Specimen 'C0ST'
Job Cost Calculator
Hypothesis
Translating known data about SLURM job resource utilisation onto cloud resources to estimate cost of execution
Overview
The Job Cost Calculator is a proof-of-concept Ruby application that analyses historic Slurm jobs to determine suitable cloud instances for running them and estimates the associated costs. This helps organisations understand the financial implications of migrating HPC workloads to cloud infrastructure.
How It Works
The tool analyses Slurm job data from sacct command output, examining resource requirements such as GPUs, CPUs, memory, and node counts. It then recommends appropriate cloud instances from AWS or Azure based on these requirements and calculates the costs for running jobs on those instances.
It would output per job costs
Job 001 used 16 GPUs, 32CPUs & 4181.11MB on 4 node(s) for 167mins. Instance config of 4 p3.8xlarge would cost $159.84.
Job 002 used 0 GPUs, 4CPUs & 8.81MB on 1 node(s) for 12mins. Instance config of 1 c5.xlarge would cost $0.05.

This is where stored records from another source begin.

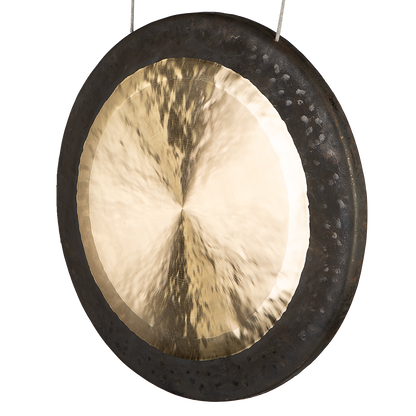 Vikrampal Gong 24''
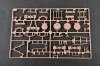 Trumpeter 09538 Sd.Kfz.8 (DB9)Half-Track Artillery Tractor 1/35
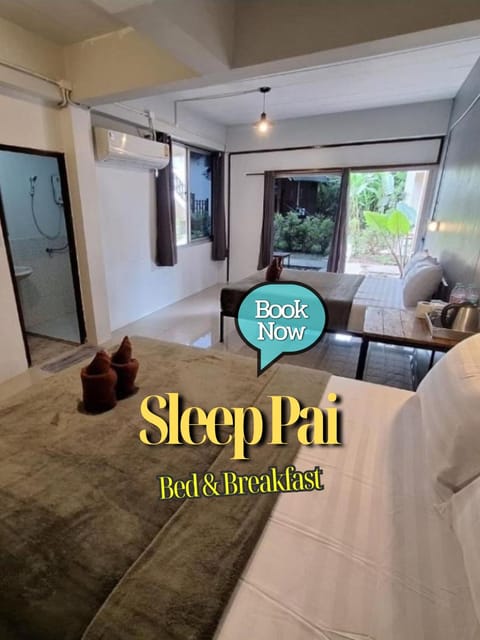 Bed, Photo of the whole room, Bedroom, Text overlay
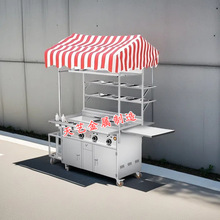 [С܇܇๦ƄӳFtҹuըը܇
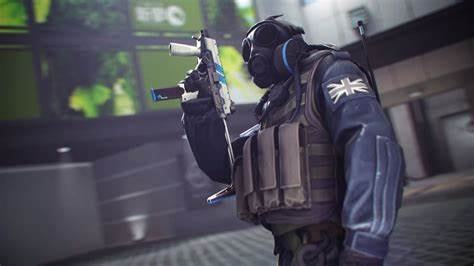 这既是关于 这既是关于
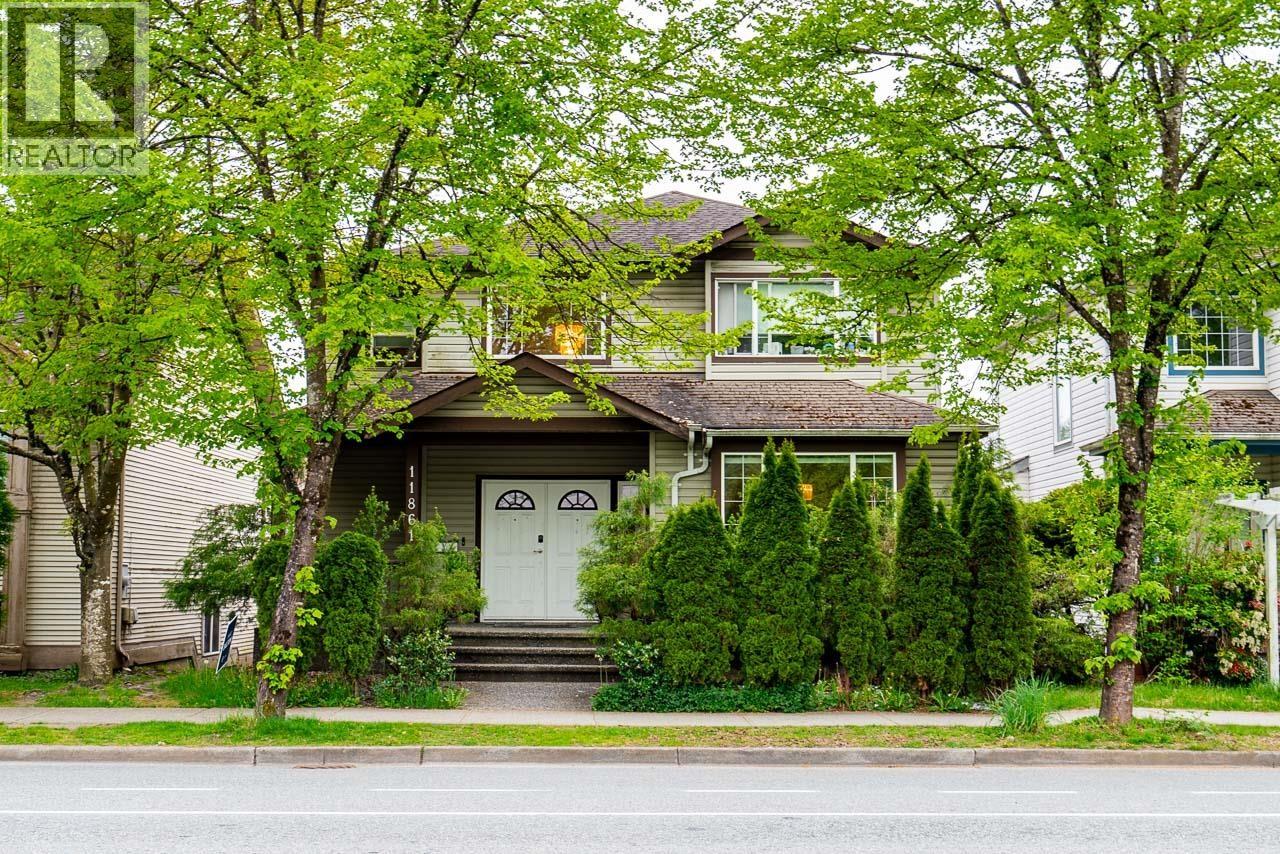 11861 240 STREET Property Photo 1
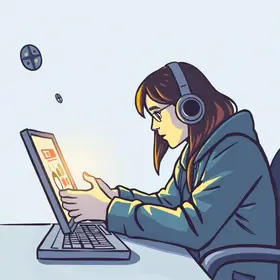 SUS oferece atendimento online para vício em jogos e apostas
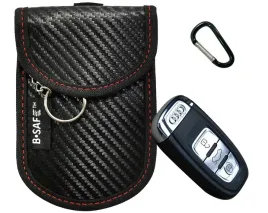 6-warstw-blokujacych-pokrowiec-na-klucze-kluczyk-keyless-ochrona-rfid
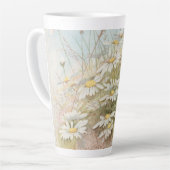 "Easter Brings the Budding Spring"  Latte Mok (Linkerhoek)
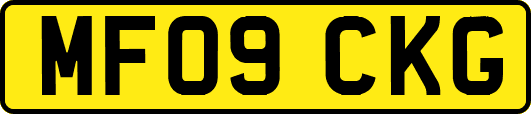 MF09CKG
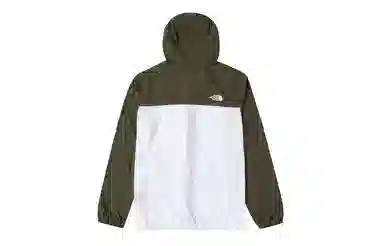 THE NORTH FACE THE NORTH FACE SS23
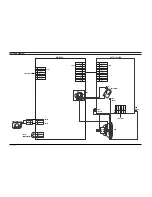 Preview for 66 page of Samsung DP14LT Service Manual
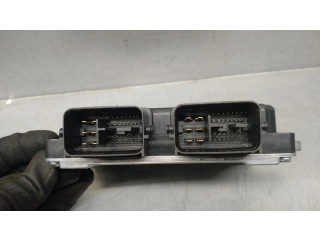 Блок управления коробкой передач A4515457832, G2T60174HBZE Smart ForTwo II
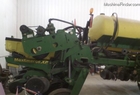 2005 John Deere 1770NT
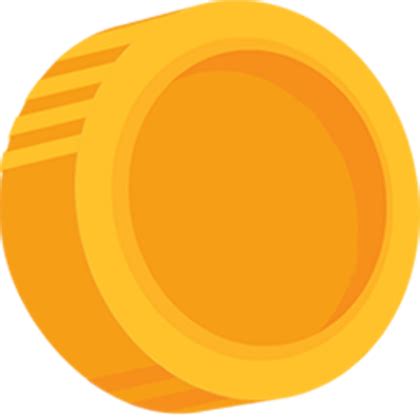 Image result for Coin Simulator Icon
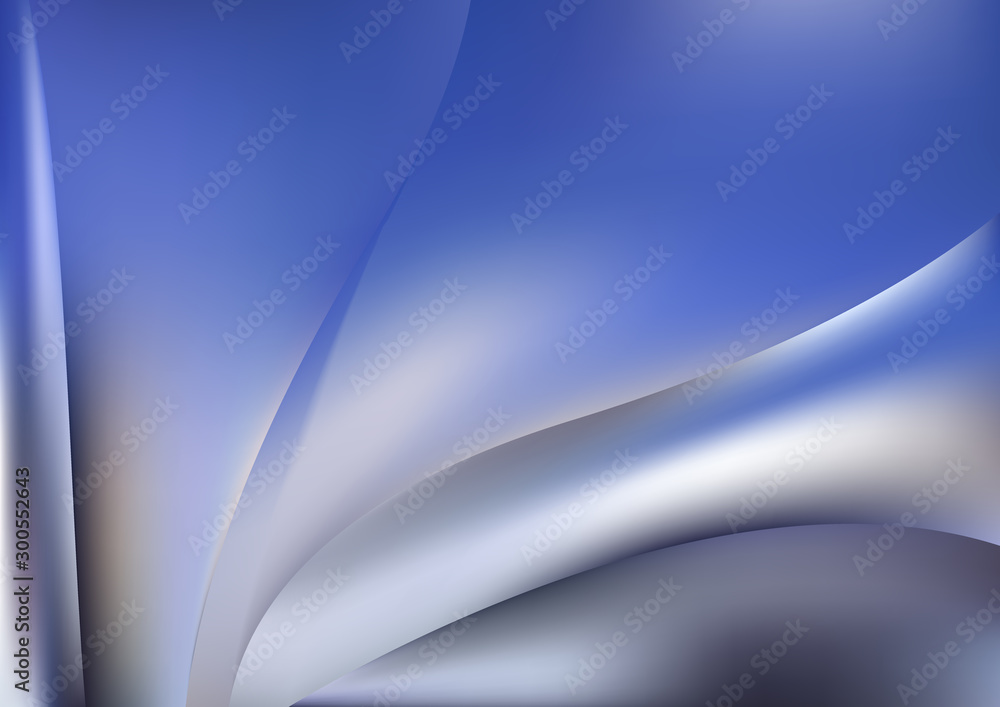 Abstract Creative Background vector image design Abstract Creative Background vector image design
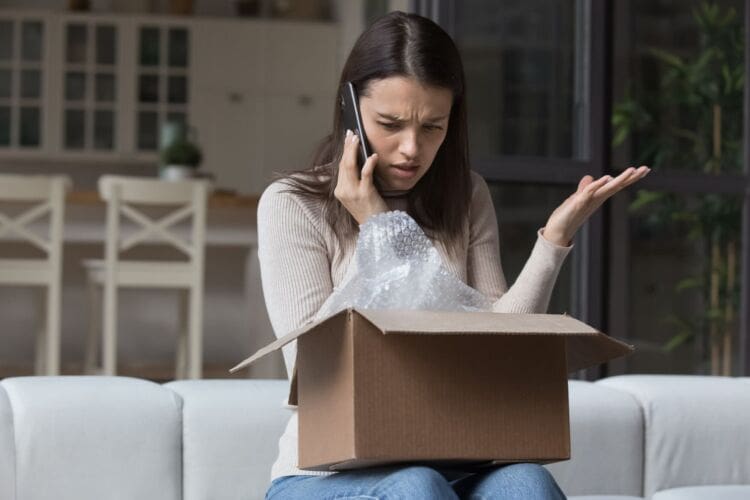 The Psychology Behind Customer Complaints and Expectations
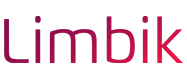 Limbik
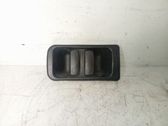 Manecilla externa de puerta corredera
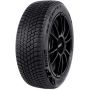 Легковая шина Pirelli Ice Zero FR 3 205/50 R17 93H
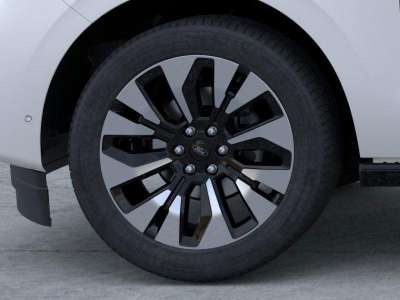 New 2025 Ford Expedition Max for sale in Lincoln NE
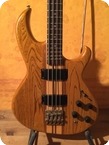 Aria Pro II SB 900 1980 Oak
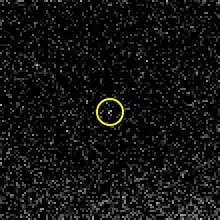 Image illustrative de l’article Albiorix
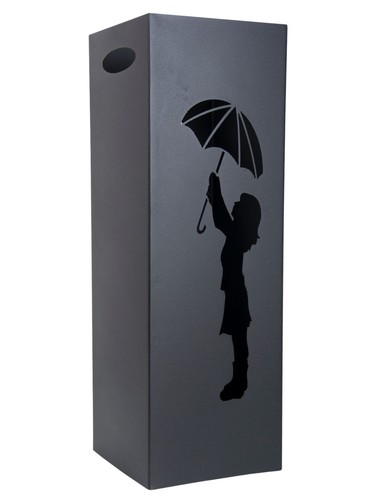 Regenschirmständer metall - regenschirmständer,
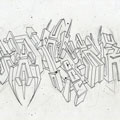 graff_4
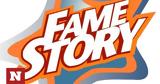 Fame Story, – Ποιοι,Fame Story, – poioi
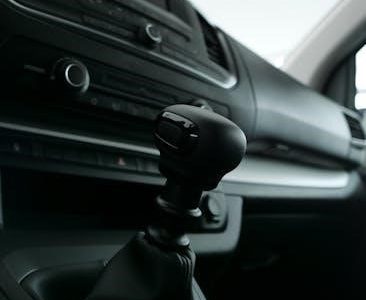 tremec t56 manual transmission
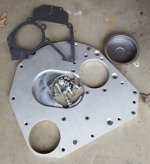 adapter with gasket and bolts.jpg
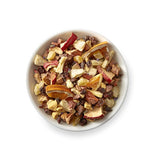 Peach Tranquility® Herbal Tea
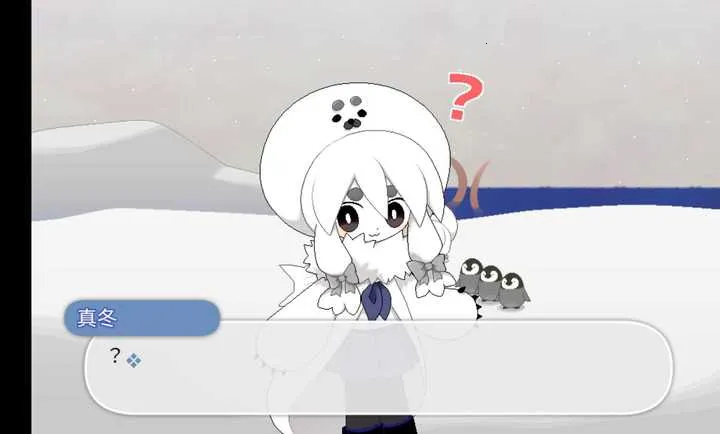 白银白银 Baiyin Baiyin白银行情软件截图2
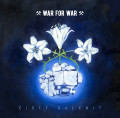 CDWar For War / ist galenit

As well as a cost for the whole sacct archive
Job Totals
Total completed jobs: 578
Average time per job: 27mins
Average mem per job: 623.1MB
Average mem per cpu: 77.3MB
Max mem for 1 job: 4234.07MB
Max mem per cpu: 7044.6MB
Overall best fit cost: $23153.22
Average best fit cost per job: $40.06
35 jobs requiring larger instances than base equivalent
50 jobs requiring more nodes than used on physical cluster
Key Features
- Analyses Slurm job history to extract resource requirements
- Recommends appropriate cloud instances (AWS or Azure) based on job needs
- Supports GPU-optimised, compute-optimised, and memory-optimised instance categories
- Calculates costs for running jobs on recommended instances
- Optional CSV export for reporting
- Options to include failed jobs, ignore node counts, or use customer-facing instance names
- Displays job totals, averages, and instance summaries
Use Case
This tool helps organisations planning to migrate HPC workloads to the cloud by:
- Understanding their actual resource utilisation patterns
- Getting cost estimates before committing to cloud infrastructure
- Identifying the most cost-effective instance types for their workloads
- Planning budget allocation for cloud computing resources